What you will do
Below, locate the line that contains "Карликовый вислоухий кролик". Repeat exactly from that line to the line that contains "FrostBangerAuto. Week 2", inclusive, leaving out the pictures.
##### Data provided #####
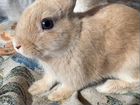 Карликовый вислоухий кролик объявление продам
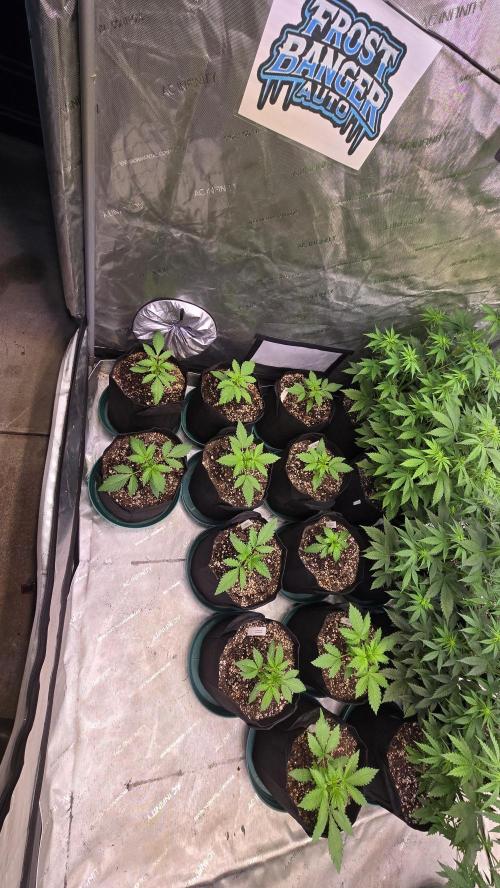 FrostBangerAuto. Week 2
#####
##### Data provided #####
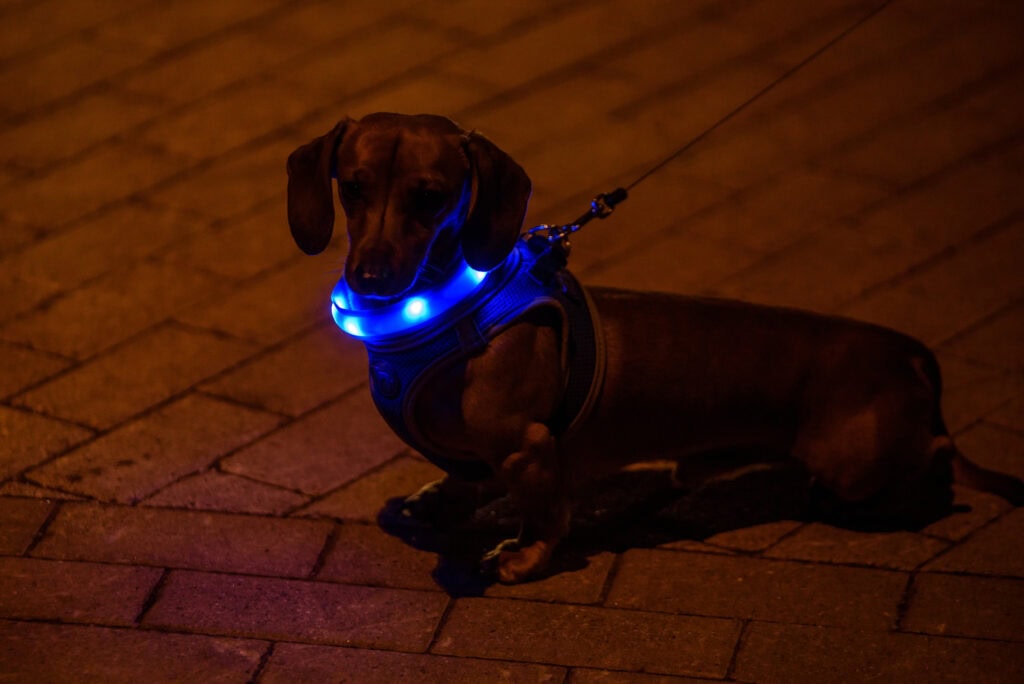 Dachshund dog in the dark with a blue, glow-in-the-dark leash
#####
Output
 Карликовый вислоухий кролик объявление продам
 FrostBangerAuto. Week 2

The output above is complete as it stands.